Looking at the new News Feed and profile page designs, it’s
clear that Google was attempting to play off the minimalist style it adopted
for most of its other Web properties. Notably, the icons that once rested atop
G+ pages are now conveniently located on the left-hand side of the page and
feature tabs for Home, Profile, Pages, Photos and more (see example below).
And the location of
these different tabs can now be customized to the preference of the individual
user, including a More tab that will house all of his/her lesser-used icons.
Also, evidence of Pinterest’s growing influence on the Web
is apparent in Google+’s emphasis on photos and sharing. Photos on the site will
now be displayed more prominently and take up more space on a browser screen
with a layout reminiscent of Tumblr.
A big part of the redesign has also focused on improving
conversations, making discussions and comments more visible to improve
participation. Users have a new Explore button to highlight specific activity
and posts on the site as a stream of trending activity (see example below).
All told, this will
make it much easier for G+ users to find and participate in conversations
outside of their Circles, a commonality that has heretofore been an
issue for the social network.
Hangouts, meanwhile, the most successful part of Google+, is getting
its own space on the site. All Hangouts will have their own dedicated Web pages
with a sleek design. Users will be able to both view their own Hangout sessions
and track their personal invites more easily. The biggest change, however, will
be the ability to scan for open public Hangouts that they can join or watch.
The design updates are already live, and other features will
be unveiled throughout the week.
So far, the changes have been met with praise, which is certainly not always the case with regard to Google+. Though users aren't necessarily in agreement about the conspicuous reliance on white space in the redesign, they do generally seem to be pleased, specifically with the new look of profile pages (including the addition of the Facebook Timeline-esque cover photo) and the relocation of and ability to customize icons.
However, this major overhaul does make one curious about whether or not this redesign was part of the plan from the beginning. After all, Google isn't exactly known for making drastic changes to its products in such an unexpected and sudden way. Typically, the company is more comfortable unveiling its properties slowly and making minor tweaks along the way to improve user experience, which seems like it would be especially true for important properties that the majority of its other services rely on.
In this case, the Google+ updates, which in some cases dramatically alter the user experience, came with little foreshadowing and caught most users by surprise. And people seem to love them. Of course, it shouldn't be any surprise that Google has likely been closely monitoring user activity and reactions to its social network since its initial private launch, but the real question is whether the company always anticipated a massive redesign around this time from the very beginning.

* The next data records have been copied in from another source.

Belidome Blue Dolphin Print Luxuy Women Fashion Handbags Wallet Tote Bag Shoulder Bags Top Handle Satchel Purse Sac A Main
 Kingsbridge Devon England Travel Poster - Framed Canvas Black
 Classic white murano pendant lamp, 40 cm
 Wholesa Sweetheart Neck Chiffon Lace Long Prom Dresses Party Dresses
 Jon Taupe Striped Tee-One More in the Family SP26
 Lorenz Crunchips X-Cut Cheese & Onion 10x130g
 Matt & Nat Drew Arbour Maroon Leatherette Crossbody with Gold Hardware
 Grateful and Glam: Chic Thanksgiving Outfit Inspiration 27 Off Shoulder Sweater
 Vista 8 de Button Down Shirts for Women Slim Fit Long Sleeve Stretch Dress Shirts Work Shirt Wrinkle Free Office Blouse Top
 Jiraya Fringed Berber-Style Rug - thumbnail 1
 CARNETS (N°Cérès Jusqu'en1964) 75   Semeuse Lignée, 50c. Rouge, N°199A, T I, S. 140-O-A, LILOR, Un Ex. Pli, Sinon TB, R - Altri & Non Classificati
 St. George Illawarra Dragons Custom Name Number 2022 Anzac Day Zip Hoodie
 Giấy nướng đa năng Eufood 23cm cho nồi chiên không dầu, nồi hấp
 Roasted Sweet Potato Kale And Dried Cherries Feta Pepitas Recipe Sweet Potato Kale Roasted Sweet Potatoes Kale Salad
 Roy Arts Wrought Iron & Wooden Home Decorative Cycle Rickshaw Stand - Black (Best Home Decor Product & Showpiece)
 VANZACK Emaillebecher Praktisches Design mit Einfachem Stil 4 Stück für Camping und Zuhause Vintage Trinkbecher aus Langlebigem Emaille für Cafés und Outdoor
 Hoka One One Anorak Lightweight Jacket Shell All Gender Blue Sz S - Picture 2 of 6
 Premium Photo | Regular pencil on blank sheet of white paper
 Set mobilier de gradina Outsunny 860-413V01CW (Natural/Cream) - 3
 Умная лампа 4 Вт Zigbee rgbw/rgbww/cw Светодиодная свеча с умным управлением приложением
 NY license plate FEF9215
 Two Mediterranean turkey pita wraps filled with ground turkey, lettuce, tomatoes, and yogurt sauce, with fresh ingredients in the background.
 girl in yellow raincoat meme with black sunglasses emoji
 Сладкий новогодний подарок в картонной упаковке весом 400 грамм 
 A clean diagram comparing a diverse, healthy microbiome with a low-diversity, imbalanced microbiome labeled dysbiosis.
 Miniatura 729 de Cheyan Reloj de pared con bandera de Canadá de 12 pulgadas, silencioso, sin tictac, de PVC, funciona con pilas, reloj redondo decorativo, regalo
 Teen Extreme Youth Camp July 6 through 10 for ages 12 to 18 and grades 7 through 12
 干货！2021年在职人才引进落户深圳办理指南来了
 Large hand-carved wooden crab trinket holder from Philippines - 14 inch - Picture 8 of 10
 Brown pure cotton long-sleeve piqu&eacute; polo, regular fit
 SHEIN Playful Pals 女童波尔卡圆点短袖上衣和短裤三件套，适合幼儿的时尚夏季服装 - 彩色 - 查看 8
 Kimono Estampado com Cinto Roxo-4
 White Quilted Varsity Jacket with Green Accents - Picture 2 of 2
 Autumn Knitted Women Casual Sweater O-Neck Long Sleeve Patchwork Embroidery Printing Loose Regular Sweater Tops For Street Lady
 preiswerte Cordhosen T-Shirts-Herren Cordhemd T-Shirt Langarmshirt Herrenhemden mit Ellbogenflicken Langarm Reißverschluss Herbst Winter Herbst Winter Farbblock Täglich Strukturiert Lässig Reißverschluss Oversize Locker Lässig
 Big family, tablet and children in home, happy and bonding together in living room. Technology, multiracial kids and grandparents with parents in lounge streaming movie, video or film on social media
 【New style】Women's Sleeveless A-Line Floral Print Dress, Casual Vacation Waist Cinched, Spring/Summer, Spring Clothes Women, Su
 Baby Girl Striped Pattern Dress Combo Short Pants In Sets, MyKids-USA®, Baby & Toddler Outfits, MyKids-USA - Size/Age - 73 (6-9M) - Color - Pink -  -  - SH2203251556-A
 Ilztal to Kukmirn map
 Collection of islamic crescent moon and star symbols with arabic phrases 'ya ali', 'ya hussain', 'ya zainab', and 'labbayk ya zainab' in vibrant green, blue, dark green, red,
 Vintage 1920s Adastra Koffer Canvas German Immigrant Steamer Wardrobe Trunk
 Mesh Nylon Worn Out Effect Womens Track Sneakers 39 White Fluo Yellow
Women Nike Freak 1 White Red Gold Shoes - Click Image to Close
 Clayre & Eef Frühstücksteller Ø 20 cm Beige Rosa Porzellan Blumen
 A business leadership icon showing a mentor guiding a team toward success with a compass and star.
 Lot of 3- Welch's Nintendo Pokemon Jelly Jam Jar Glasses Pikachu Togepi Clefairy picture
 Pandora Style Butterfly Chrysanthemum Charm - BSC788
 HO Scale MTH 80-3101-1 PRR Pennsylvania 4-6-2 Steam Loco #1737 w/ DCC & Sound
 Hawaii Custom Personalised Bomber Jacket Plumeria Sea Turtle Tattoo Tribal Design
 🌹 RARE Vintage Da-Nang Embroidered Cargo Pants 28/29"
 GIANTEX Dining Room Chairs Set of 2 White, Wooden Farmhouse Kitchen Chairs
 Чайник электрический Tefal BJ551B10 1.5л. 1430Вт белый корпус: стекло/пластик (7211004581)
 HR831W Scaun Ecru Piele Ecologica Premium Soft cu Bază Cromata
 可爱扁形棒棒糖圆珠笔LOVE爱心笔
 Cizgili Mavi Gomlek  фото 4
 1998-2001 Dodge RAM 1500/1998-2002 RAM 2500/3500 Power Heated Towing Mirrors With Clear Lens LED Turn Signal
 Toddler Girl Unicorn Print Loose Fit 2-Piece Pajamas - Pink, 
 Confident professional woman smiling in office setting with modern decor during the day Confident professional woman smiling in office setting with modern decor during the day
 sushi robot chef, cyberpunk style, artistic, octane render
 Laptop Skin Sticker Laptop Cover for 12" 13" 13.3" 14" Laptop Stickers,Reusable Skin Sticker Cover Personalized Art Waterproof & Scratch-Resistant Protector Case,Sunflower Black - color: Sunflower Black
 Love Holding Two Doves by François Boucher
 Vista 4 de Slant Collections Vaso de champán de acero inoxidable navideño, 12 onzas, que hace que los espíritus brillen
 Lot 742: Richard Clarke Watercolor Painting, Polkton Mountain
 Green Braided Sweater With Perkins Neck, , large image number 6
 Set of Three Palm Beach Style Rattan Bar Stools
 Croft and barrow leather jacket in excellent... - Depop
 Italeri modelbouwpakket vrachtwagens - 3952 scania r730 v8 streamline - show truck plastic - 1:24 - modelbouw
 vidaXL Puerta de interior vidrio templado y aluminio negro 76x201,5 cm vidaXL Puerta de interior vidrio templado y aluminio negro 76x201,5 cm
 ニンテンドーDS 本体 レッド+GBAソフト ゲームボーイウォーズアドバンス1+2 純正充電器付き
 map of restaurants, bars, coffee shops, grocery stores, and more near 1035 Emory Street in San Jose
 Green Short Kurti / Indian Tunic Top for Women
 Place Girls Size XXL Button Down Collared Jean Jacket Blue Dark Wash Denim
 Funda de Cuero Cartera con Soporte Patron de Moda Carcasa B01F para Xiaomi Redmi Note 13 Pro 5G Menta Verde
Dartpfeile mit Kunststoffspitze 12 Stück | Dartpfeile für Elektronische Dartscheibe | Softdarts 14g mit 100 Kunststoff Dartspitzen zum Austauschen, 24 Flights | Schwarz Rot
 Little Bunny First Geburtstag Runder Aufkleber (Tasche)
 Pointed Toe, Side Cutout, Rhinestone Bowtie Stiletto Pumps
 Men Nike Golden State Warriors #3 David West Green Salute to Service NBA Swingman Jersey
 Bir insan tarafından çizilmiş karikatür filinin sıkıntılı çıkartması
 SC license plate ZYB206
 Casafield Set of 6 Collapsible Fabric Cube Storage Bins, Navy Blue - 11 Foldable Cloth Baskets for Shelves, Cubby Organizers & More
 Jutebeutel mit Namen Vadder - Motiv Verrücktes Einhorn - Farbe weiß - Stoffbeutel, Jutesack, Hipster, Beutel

If that's the case, it would explain the curious silence on the part of Google concerning the majority of complaints about G+ that most Internet users weren't shy about airing. Rather than address each issue individually, especially when they concerned subjects as meticulous as page design, its probable that Google spent the last few months collecting anecedotal and more scientific data and fixing things behind the scenes.
This means that the "old" Google+ was probably never meant to be a final product, but rather a starting point in Google's seemingly never-ending quest to create the perfect social network. It also means that the social network may not be done changing just yet, and it's definitely going to be something that users and Web businesses alike are going to want to keep on their radars in the coming year.